Проведенный контент-анализ сюжетов карикатур (подсчет велся на уровне сюжетов, причем в одной карикатуре могли присутствовать несколько сюжетов) наиболее известных столичных журналов («Новый Сатирикон», «Стрекоза», «Бич», «Пугач») позволяет выделить самые распространенные темы: высмеивание старого строя (как представителей династии, так и чиновников, представителей бюрократического аппарата), воспевание нового строя (комплиментарно-патриотическая карикатура, славившая завоевания революции и отдельных ее героев), страх перед голодом (в мягких формах выражавшийся в пародиях на рост цен, в более жестких воплощавшийся в образы царя-голода с косой), страх перед анархией (от анархии на бытовом уровне в форме уличных самосудов до анархии политической как предвестницы гражданской войны). Следует заметить, что военные действия, равно как и высмеивание внешних врагов России, не относились к числу тем, доминировавших в 1917 г. Падение интереса к внешнеполитической тематике происходило параллельно с ухудшением внутренней социально-экономической и политической ситуации. Как уже отмечалось, в карикатуре «Нового Сатирикона» в 1915 г. доля «внешнего врага» составляла 48,8 %, в 1916 г. она снизилась до 22,5 %, а в 1917 г. составила всего 4 %. На приведенном графике (ил. 193) видно, что накануне революции главной темой подцензурной печати был экономический кризис. Хотя как такового голода в Петрограде ни в январе, ни в феврале 1917 г. не было, известия о перебоях с поставкой хлеба, приведших к сокращению хлебных запасов, вкупе с «закрытостью» политических тем превращали продовольственный вопрос в главный объект обличавшей власть сатиры. После отмены цензуры внимание художников ожидаемо переключилось на главного «внутреннего врага» — Николая II и всех представителей царского режима. Однако перипетии российской революции приводят к тому, что с середины июня появляется новая тема — угроза анархии, в сентябре временным лидером опять становится продовольственный вопрос, вернувший в октябре лидерство страху перед анархией.

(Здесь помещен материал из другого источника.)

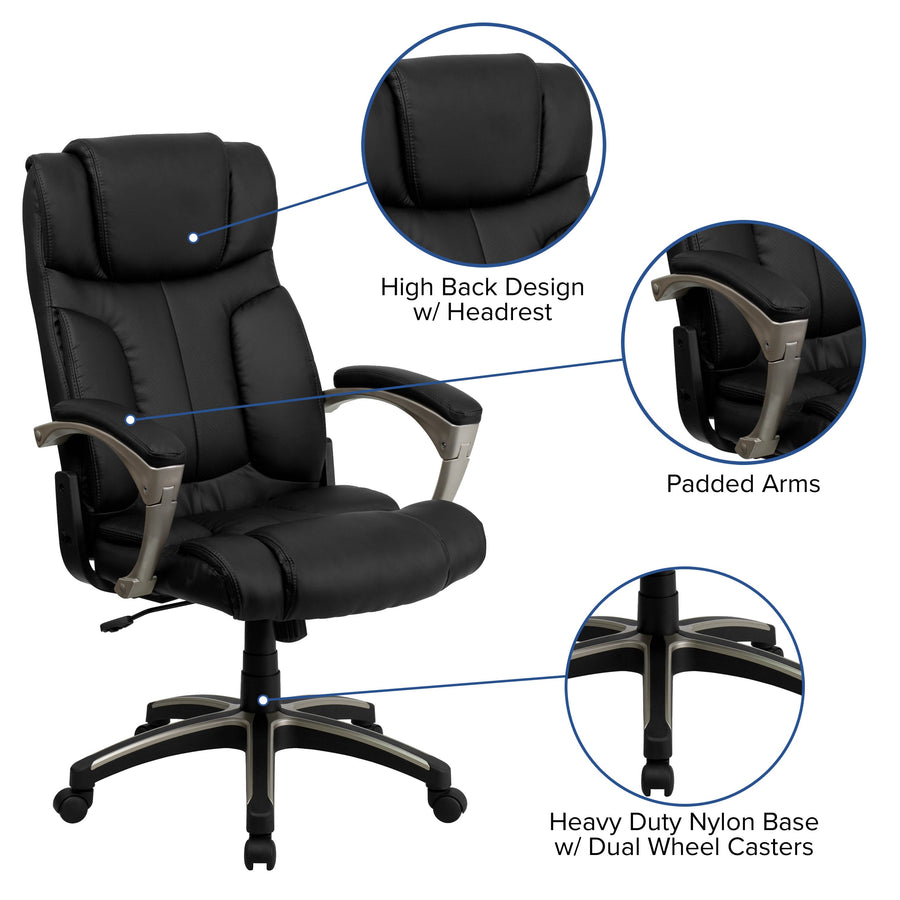 High Back Folding LeatherSoft Executive Swivel Office Chair with Arms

Ил. 194. Динамика позитивных и негативных эмоций, выраженных в карикатурах
Эту сюжетную динамику можно перевести в эмоциологическую плоскость, классифицировав сюжеты по эмоциональному признаку на «позитивные» (в которых воспевался новый строй или высмеивались «безопасные» пороки и персонажи прошлого) и «негативные» (связанные с неуверенностью в ближайшем будущем). В этом случае мы получим картину изменений эмоциональной атмосферы столичного общества в 1917 г. (ил. 194). Как показано на графике, Февральская революция, накануне которой доминировали негативные эмоции, а поводов для радости по мере удаления от Нового года становилось все меньше, привела к росту позитивных настроений, сохранявшихся в обществе с марта по июнь. Причем пиком эйфории явился апрель 1917 г.: к этому времени улеглись обывательские страхи о временном характере событий и раскрылся творческий потенциал современников, выражавшийся в организации и участии горожан в ряде праздничных мероприятий. Не случайно во время самой революции март — апрель получили название «медового месяца». Однако пришедшаяся на этот период эмоциональная эйфория характеризовалась и негативными с точки зрения психического здоровья тенденциями. Даже позитивные эмоции, достигающие чрезмерной силы и длительности, приводят к нервному перенапряжению, чреватому патологиями. Газеты 1917 г., дневники и воспоминания участников событий рисуют перед нами картины, когда обывательский восторг сменялся форменным массовым безумием. Как правило, это происходило на митингах-концертах, весьма популярных в период «медового месяца» революции, на которых эстрадные номера чередовались с политическими выступлениями, причем нередко артисты и политики менялись ролями, и политики начинали дирижировать оркестром или пускались в пляс. Наибольший градус эмоционального напряжения приходился на выступления министра А. Ф. Керенского: во время его речей доведенные до экстаза дамы срывали с себя украшения, солдаты — георгиевские кресты и медали и бросали к ногам «вождя революции»[2529]
.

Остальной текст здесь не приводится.